Enfin, il aborde le sujet de la mort et comment cela libère également l'individu d'un mariage. Notez qu'il ne fait pas référence à ce que Jésus ou Paul ont dit dans ce cas, mais plutôt il fait spécifiquement référence à la Loi. Mais ensuite, il ajoute également son opinion quant à savoir si c'est une bonne idée de se remarier après la mort de votre compagnon.

« [39] La femme est liée par la loi tant que son mari vit ; mais si son mari est mort, elle est libre d'épouser qui elle veut ; seulement dans le Seigneur. [40] Mais elle est plus heureuse si elle demeure ainsi, après mon jugement; et je pense aussi que j'ai l'Esprit de Dieu.

C'est une discussion très logique sur le sujet du mariage, du divorce, du remariage ; à la fois du point de vue des besoins et du point de vue du conseil. Le fardeau primordial de l'apôtre Paul dans la discussion est : que les âmes soient sauvées, que l'œuvre de Dieu prospère et que les besoins des gens soient satisfaits. Si nous faisons de même et n'essayons pas d'injecter nos propres pensées dans le contexte original de la discussion, nous serons justes, équitables, pacifiques et non divisés avec nos frères et sœurs dans le Seigneur.

Enfin, il y a un autre témoignage qui doit être pris en considération pour aider quiconque à obtenir une compréhension plus claire des Écritures. C'est-à-dire : qu'est-ce que le Saint-Esprit a dit à travers les vies saintes qu'il mène ? Dans Actes 15, la question des Gentils suivant la Loi a été résolue par ce que le Saint-Esprit a fait dans la vie des gens.
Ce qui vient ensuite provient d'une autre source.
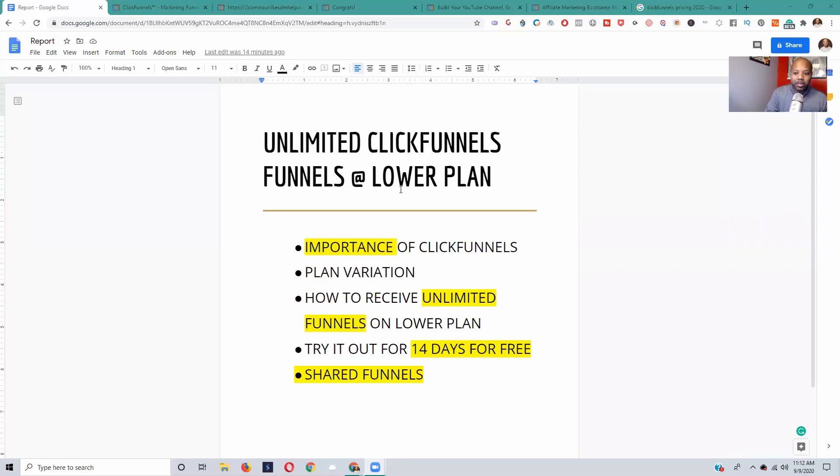Hello, what's going on everybody! I've got a hack for you today. Let me share my screen — I'm actually getting ready to show you guys how you can get unlimited funnels with ClickFunnels. This is what I'm going to be going over: unlimited ClickFunnels funnels at the lower plan. You guys saw the thumbnail and that's what I'm getting ready to show you.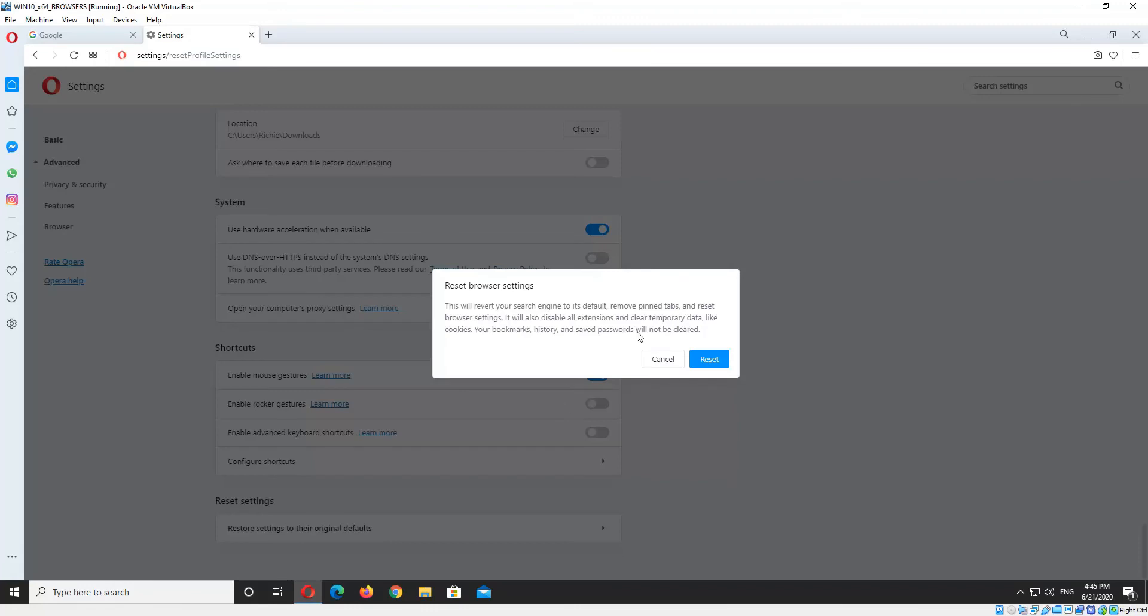Now that will clear temporary data and disable extensions. But it will keep your bookmarks, history, and saved passwords, which is kind of handy.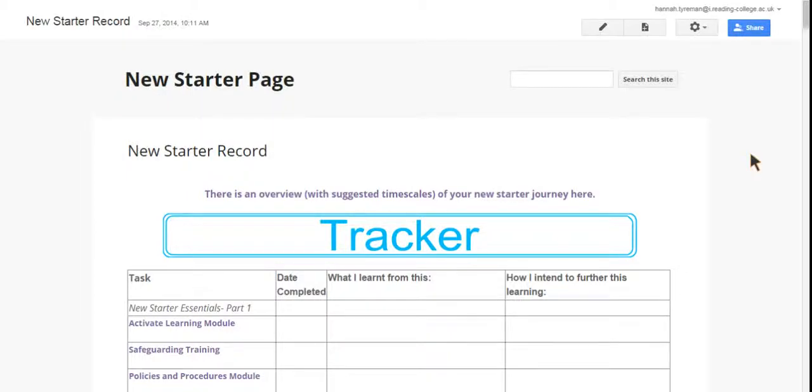This is a guide to the new starter page on the development record. This page will be added to your record if you are a new member of staff at a college.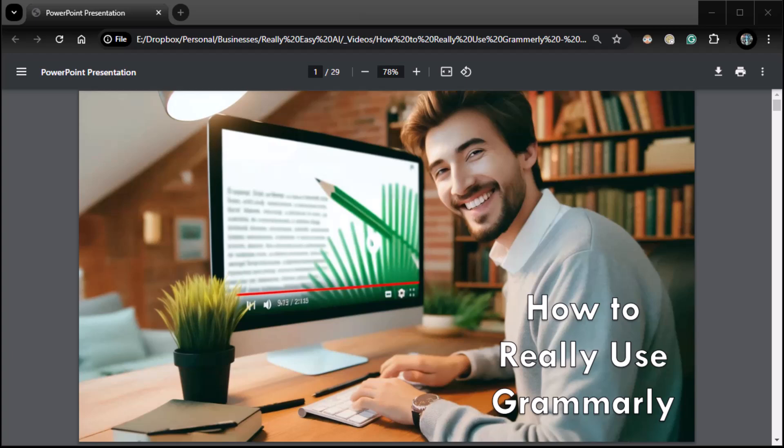Alright everybody, Zane from Real Easy AI, and it is time for another new series. I don't know if it'll be a series, I'm sure it'll be at least two episodes, not more, but how to really use Grammarly.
Les Écritures ont été clarifiées par la façon dont le Saint-Esprit a agi à travers des personnes saintes sauvées, qui n'ont pas suivi toute la Loi.

Maintenant, à travers l'histoire et même aujourd'hui, il y a aussi de nombreuses personnes sauvées par lesquelles le Saint-Esprit a œuvré. Certaines de ces mêmes personnes (après avoir déjà été sauvées) se sont remariées lorsque leur premier compagnon les a quittées (et leur ex-compagnon était encore en vie). Et le Saint-Esprit a toujours honoré leur vie et les a utilisées dans l'œuvre de l'Évangile. Allons-nous suivre l'exemple du Saint-Esprit ? Cela nous importe-t-il encore ce qu'il fait chez des personnes saintes et sans péché ? Si ce n'est pas le cas, nous serons certainement divisés sur cette question.

Que le Seigneur bénisse tout le monde pour simplement lire et croire la Parole telle qu'elle est, et demander au Saint-Esprit de guider. Ne permettez pas à ce qu'un ministre a écrit il y a des années de vous remplacer pour étudier la Parole et rechercher la direction du Saint-Esprit. Un bon ministre du Seigneur n'a jamais eu l'intention que vous preniez leurs écrits et que vous les fassiez « évangile ». Ils seraient horrifiés que quelqu'un le fasse. Donnez-leur le respect qu'ils auraient voulu que vous leur donniez, sans perdre votre respect pour la Parole de Dieu. Ils savaient qu'ils pouvaient échouer dans la compréhension. Nous devons également comprendre cela.